W finale Sydney City Amerykanie pewnie pokonali brytyjskich tenisistów 4:1 i awansowali do ostatniej czwórki turnieju United Cup.
Seria między tymi drużynami rozpoczęła się od zaciętego pojedynku kobiet, w którym Madison Keys (WTA-11) pokonała Katie Swan (WTA-145) 2-6, 6-3, 6-4, odnosząc trzecie zwycięstwo w tej zawody.
Parytet został przywrócony w pojedynku mężczyzn, który wkrótce nastąpił. Brytyjczyk Cameron Norrie (ATP-14) nie poprzestał na zwycięstwach nad Rafaelem Nadalem i Alexem De Minaurem, a także pokonał Taylora Fritza (ATP-9) z wynikiem 6:4, 5:7, 6:4.
Co ciekawe, ci tenisiści spotkali się na ATP Tour po raz 12. w swojej karierze i siódmy raz w ciągu ostatnich dwóch lat.
Było to jednak maksimum, któremu Brytyjczycy zdołali się oprzeć w tej serii.
Jessica Pegula (WTA-3) pokonała nawet Harriet Dart (WTA-98) 6-2, 6-0, a decydujące zwycięstwo przyniosła Amerykanom Frances Tiafoe (ATP-19). Pokonał Daniela Evansa (ATP-27) 3:6, 7:5, 6:3.
W deblu mieszanym J. Pegula i T. Fritz pokonali H. Darta i D. Evansa 6:4, 6:4 i ostatecznie pokonali Brytyjczyków 4:1.

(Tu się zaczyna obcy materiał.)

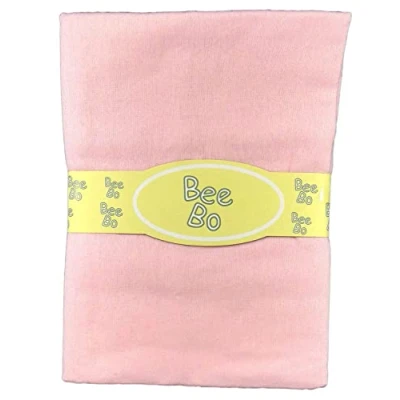 Image of Baby Flat Sheets x 2 Flannelette Moses Basket pram Crib Pink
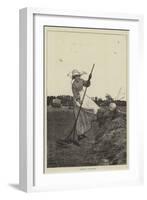 Haymaking-Lionel Percy Smythe-Framed Giclee Print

Na 15 meczów rozegranych w United Cup tenisiści amerykańscy wygrali aż 13. W półfinale bez wątpienia zmierzą się z najpoważniejszym wyzwaniem polskiej drużyny.
„Przyjaciel zwierząt na całym świecie. Przyjazny adwokat piwa. Generalny organizator. Fanatyk popkultury.”